Find the coordinates and nature of the stationary point of $$z=x^3+y^3-6xy$$

So I have found all the partial derivatives but I'm not sure how to then find the stationary point. All I know is $\frac{\partial z}{\partial x}=\frac{\partial z}{\partial y}=0$ at the stationary point. $$\frac{\partial z}{\partial x}=3x^2-6y$$ $$\frac{\partial z}{\partial x}=3y^2-6x$$ $$\frac{\partial^2 z}{\partial x^2}=6x$$ $$\frac{\partial^2 z}{\partial y^2}=6y$$ $$\frac{\partial^2 z}{\partial y \partial x}=\frac{\partial^2 z}{\partial x \partial y}=0$$

Answer 1

The derivatives are:

${\partial z \over \partial x} = 3 x^2 - 6 y$

${\partial z \over \partial y} = 3 y^2 - 6 x$

Set the pair to $0$ to find the two (real) solutions: $(2,2)$ and $(0,0)$.

Take the second derivatives evaluated at those points to find a minimum at $(2,2)$ and saddle at $(0,0)$, as seen in the figure.

${\partial^2 z \over \partial x^2} = 6 x$

${\partial^2 z \over \partial y^2} = 6 y$

Answer 2

FOC: solve $\frac{\partial z}{\partial x}=\frac{\partial z}{\partial y}=0$ to find the critical points $(0,0)$ and $(2,2)$.
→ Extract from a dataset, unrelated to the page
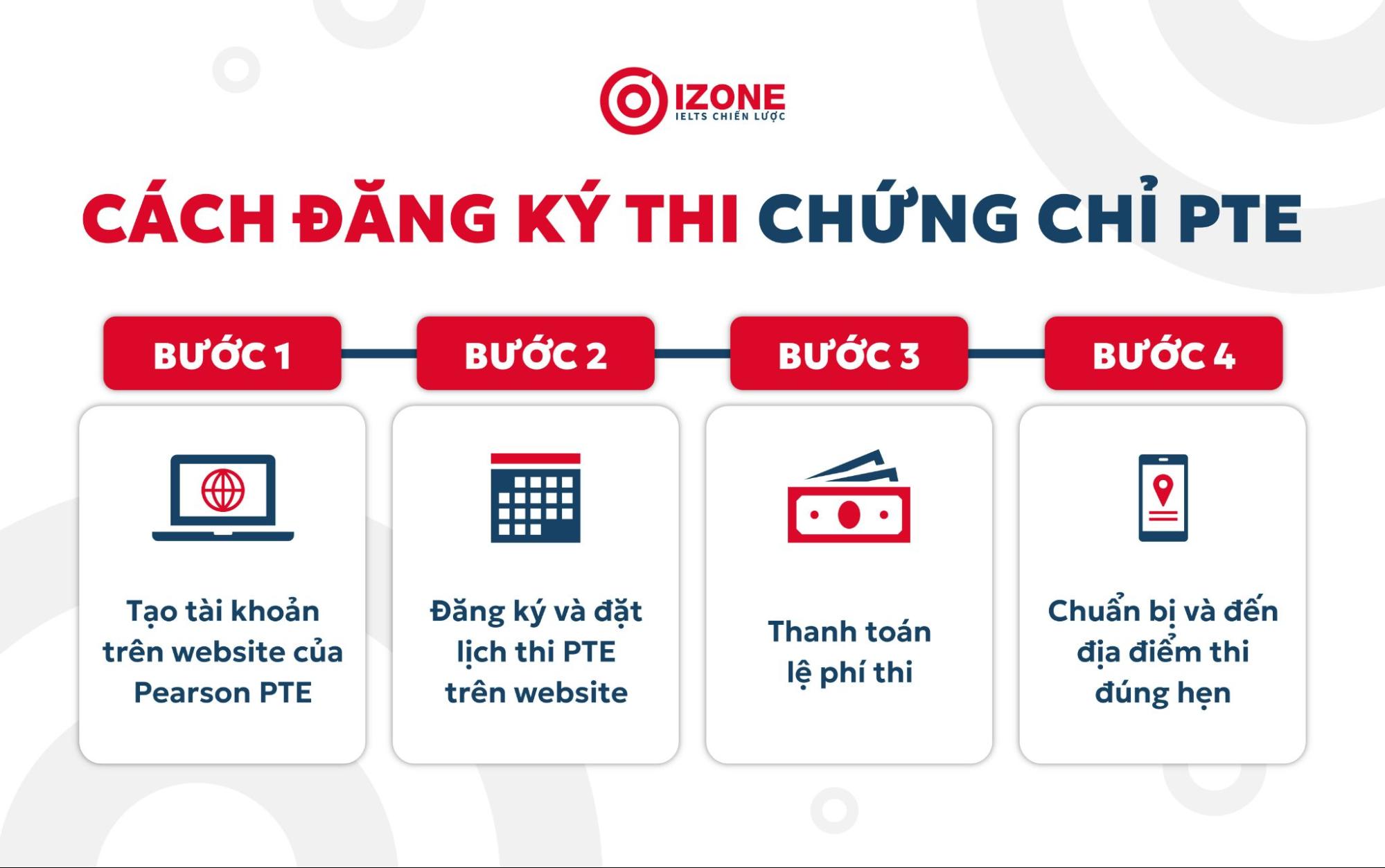 Cách đăng ký thi chứng chỉ PTE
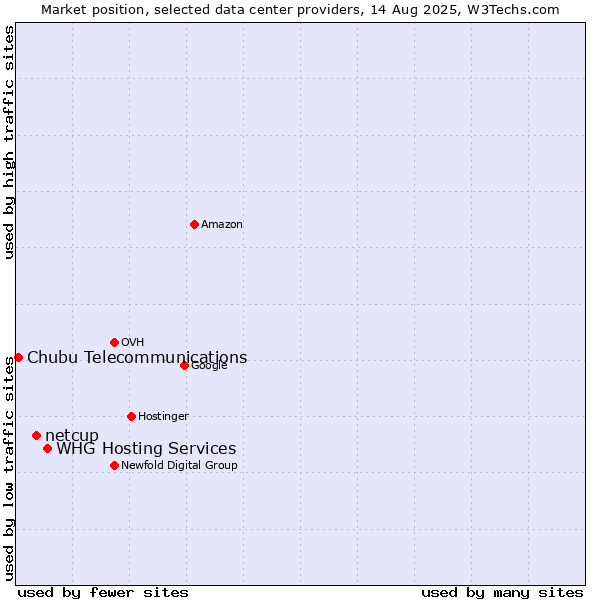 Market position of WHG Hosting Services vs. netcup vs. Chubu Telecommunications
SOC: $z_{xx}=6x, z_{yy}=6y,\Delta=z_{xx}z_{yy}-z_{xy}^2=36xy-36$: $$\text{at} \ (0,0): \ \ z_{xx}=0, z_{yy}=0,\Delta=-36<0 \Rightarrow \text{saddle};\\ \text{at} \ (2,2): \ \ z_{xx}=12>0, z_{yy}=12>0,\Delta=108>0 \Rightarrow \text{min}.$$